About this exercise:
Below this sentence is a listing; return exactly its lines from the one with "Best Dad Ever" to the one with "Beach Toys For", both kept, and nothing more.

Exercise inputs:
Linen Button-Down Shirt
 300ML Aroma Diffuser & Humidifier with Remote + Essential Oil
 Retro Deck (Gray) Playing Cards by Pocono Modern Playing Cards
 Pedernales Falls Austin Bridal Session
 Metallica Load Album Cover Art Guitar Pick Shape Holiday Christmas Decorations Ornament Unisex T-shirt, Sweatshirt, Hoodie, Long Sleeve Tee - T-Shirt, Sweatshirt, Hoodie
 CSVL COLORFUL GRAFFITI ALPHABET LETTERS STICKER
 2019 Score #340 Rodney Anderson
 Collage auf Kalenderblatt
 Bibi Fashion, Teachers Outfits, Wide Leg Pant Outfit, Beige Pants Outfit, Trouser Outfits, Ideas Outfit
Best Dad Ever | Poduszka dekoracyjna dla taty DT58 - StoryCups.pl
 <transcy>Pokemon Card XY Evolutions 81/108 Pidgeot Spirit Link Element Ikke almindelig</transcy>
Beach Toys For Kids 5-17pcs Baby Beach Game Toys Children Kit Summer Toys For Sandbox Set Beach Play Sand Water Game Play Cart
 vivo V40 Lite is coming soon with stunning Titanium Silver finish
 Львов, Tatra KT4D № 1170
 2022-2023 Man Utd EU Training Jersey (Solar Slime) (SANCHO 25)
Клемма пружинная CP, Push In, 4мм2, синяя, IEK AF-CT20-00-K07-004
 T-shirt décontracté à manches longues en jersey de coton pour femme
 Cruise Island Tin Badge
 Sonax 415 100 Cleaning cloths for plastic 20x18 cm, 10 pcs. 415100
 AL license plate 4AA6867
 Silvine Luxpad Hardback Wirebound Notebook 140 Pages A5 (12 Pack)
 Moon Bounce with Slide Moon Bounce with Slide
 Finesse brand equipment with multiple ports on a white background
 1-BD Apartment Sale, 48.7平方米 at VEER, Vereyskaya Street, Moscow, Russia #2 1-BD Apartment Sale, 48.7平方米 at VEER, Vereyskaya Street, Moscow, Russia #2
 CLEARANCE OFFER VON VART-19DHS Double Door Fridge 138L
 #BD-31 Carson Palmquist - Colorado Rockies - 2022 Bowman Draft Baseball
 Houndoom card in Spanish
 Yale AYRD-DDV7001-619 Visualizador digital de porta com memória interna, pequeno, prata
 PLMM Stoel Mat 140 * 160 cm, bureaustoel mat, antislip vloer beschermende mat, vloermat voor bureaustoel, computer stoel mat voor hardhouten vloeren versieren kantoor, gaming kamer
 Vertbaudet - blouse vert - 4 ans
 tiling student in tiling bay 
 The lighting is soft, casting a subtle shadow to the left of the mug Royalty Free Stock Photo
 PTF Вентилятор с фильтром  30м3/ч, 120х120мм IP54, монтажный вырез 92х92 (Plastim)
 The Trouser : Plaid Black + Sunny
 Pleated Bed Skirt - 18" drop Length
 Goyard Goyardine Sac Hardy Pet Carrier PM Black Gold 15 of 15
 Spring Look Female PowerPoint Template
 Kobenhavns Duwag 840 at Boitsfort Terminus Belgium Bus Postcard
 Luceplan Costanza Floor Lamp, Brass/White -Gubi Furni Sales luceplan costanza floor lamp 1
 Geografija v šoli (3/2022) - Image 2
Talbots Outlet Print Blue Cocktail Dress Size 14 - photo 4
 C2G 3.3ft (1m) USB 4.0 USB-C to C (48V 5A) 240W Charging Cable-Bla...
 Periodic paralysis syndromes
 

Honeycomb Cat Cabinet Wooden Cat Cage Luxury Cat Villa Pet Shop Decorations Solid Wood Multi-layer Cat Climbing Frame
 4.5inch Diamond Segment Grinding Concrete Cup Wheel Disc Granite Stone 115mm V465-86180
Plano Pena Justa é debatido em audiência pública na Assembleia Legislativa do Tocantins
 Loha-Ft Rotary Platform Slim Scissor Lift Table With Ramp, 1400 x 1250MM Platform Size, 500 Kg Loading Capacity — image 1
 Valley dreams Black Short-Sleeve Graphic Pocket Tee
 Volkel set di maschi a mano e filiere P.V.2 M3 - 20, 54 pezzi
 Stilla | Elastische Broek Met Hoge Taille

Result of the exercise:
Best Dad Ever | Poduszka dekoracyjna dla taty DT58 - StoryCups.pl
 <transcy>Pokemon Card XY Evolutions 81/108 Pidgeot Spirit Link Element Ikke almindelig</transcy>
Beach Toys For Kids 5-17pcs Baby Beach Game Toys Children Kit Summer Toys For Sandbox Set Beach Play Sand Water Game Play Cart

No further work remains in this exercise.